The World Travel and Tourism Council [WTTC] in partnership with Global Rescue, have unveiled a new research that analysed the impact of 90 crises between 2001 and 2018.
The research was conducted at a national and city level; examining the time to recovery as well lost arrivals and lost visitor spending.
Key findings are that the Travel and Tourism sector is more resilient than ever – average recovery times have decreased from 26 months in 2001 to 10 months in 2018.
Of the four crisis categories analysed, political instability proved the most challenging [with average recovery times of 22.2 months, minimum 10 months] while terrorist or security related incidents have the shortest average recovery time of 11.5 months (minimum 2 months).
Additionally, the average recovery times for natural disasters and disease outbreaks were 16.2 months and 19.4 months respectively (minimum 1 and 10 months respectively).
Public – private partnerships and effective, transparent communications are critical for preparedness and prevention.
Of the 90 crises analysed – 32 per cent were terrorism/security related, 13 per cent were disease/outbreaks; 19 per cent were political instability and 36 per cent were natural disasters.
Gloria Guevara, president and chief executive officer at WTTC, said: “This comprehensive research shows just how resilient the Travel and Tourism sector truly is.
“While there is still work to be done, the data shows that recovery times have fallen significantly over the past two decades, and that major strides have been made.

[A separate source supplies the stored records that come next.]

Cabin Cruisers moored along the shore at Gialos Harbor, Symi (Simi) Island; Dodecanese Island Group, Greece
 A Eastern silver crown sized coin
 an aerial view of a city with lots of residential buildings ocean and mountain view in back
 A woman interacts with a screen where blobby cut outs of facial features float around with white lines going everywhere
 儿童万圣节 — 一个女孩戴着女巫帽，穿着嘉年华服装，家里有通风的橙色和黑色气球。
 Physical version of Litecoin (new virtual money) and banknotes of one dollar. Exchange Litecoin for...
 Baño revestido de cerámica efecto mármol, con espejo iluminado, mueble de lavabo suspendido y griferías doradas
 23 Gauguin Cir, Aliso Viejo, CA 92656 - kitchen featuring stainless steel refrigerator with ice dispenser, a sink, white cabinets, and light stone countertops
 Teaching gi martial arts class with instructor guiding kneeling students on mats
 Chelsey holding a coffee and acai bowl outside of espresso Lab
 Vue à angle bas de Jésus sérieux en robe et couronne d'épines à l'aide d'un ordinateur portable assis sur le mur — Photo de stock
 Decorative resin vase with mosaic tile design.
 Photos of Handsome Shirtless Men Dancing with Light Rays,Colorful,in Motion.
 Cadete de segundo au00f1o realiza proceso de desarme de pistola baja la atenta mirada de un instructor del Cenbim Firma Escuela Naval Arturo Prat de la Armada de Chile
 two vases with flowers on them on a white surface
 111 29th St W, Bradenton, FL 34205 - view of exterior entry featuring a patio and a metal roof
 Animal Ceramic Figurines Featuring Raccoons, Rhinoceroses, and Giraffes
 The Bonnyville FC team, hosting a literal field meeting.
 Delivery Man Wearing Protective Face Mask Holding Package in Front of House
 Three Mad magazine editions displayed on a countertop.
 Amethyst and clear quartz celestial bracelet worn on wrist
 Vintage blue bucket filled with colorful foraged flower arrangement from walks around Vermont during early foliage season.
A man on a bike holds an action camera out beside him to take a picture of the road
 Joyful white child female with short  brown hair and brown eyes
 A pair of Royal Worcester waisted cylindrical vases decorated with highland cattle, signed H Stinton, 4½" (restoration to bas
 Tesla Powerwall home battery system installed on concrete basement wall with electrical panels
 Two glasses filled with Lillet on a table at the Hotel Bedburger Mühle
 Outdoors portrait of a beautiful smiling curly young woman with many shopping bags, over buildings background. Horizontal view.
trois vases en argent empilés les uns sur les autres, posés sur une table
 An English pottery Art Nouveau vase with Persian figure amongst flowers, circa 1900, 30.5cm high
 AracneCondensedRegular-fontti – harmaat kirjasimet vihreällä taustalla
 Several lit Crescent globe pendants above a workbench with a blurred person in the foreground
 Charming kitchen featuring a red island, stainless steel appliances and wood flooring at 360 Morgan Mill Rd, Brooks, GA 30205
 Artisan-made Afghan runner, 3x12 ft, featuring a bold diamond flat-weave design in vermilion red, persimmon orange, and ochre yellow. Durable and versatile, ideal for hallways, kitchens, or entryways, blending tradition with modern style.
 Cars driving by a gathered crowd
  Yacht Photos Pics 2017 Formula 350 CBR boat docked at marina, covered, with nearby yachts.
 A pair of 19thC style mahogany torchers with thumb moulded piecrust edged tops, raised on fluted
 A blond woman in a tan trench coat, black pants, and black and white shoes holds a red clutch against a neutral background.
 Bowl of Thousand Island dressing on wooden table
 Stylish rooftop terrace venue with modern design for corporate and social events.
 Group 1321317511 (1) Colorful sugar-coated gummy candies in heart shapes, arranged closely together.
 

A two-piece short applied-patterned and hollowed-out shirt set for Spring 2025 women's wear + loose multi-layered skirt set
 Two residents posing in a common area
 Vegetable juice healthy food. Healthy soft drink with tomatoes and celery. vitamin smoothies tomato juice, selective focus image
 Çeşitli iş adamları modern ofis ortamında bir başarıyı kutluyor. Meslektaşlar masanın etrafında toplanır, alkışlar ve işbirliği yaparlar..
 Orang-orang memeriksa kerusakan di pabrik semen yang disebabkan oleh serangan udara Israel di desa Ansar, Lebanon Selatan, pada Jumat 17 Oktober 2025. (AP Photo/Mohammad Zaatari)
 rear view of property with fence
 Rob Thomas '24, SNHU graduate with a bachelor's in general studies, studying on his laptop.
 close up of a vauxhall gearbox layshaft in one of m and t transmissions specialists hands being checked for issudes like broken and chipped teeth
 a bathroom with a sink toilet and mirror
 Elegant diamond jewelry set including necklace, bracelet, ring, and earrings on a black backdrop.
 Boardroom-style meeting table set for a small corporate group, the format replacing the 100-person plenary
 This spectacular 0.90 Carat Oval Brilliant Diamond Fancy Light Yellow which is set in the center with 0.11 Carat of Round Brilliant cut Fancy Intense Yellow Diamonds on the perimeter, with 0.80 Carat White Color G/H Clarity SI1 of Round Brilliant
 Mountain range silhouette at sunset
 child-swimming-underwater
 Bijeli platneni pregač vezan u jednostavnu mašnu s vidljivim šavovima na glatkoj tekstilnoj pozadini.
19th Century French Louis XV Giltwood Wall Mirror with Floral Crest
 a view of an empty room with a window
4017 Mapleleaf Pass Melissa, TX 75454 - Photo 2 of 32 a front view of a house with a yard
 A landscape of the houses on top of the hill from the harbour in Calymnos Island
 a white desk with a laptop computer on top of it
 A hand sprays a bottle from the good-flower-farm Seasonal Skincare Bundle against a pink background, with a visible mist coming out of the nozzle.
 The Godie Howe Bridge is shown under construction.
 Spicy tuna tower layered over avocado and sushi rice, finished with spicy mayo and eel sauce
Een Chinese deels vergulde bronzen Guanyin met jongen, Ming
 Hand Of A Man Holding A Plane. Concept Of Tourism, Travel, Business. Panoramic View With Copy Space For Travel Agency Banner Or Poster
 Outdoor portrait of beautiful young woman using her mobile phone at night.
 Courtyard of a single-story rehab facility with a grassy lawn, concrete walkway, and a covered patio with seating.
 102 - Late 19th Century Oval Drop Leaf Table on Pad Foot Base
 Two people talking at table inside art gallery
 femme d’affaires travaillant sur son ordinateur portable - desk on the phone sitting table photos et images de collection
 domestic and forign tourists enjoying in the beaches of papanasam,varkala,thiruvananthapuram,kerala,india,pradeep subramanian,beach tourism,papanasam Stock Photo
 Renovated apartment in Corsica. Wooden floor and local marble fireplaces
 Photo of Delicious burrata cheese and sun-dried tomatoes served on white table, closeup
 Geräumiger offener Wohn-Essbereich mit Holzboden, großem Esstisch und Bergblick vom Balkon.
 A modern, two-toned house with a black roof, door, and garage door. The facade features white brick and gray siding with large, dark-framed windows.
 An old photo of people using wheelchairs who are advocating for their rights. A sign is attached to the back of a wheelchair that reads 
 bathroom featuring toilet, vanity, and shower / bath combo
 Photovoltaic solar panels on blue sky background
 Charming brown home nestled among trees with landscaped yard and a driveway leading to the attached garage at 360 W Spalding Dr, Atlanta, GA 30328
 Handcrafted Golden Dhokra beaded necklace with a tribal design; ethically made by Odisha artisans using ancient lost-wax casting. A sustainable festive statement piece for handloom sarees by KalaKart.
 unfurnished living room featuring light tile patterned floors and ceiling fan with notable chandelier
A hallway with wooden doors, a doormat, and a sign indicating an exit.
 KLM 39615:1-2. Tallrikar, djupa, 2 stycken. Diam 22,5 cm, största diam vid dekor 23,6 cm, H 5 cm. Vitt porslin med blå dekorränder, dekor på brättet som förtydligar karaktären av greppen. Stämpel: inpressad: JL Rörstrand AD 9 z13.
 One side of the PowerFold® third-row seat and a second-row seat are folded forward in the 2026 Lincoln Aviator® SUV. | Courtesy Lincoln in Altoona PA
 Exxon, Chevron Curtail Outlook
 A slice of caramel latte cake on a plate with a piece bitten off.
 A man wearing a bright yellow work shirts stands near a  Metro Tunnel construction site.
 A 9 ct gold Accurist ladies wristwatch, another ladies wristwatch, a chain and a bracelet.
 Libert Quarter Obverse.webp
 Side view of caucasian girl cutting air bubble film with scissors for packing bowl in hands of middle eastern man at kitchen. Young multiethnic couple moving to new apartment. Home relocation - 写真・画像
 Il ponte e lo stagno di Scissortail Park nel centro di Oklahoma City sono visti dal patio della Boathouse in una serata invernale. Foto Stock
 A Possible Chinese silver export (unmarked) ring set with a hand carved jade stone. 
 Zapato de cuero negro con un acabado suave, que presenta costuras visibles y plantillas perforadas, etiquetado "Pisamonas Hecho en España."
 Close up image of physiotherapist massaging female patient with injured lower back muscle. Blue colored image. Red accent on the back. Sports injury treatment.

“It is crucial that we continue to learn from previous incidents and continue to come together through public private partnerships to make a real difference in reducing both the economic and human impact.”
She added: “Political instability has proven to be the most challenging crisis to overcome, with the longest recovery times.
“However, through public private collaboration, effective communication and continued efforts that focus on preparedness and prevention, we can make a real difference in reducing both the economic and human impact.”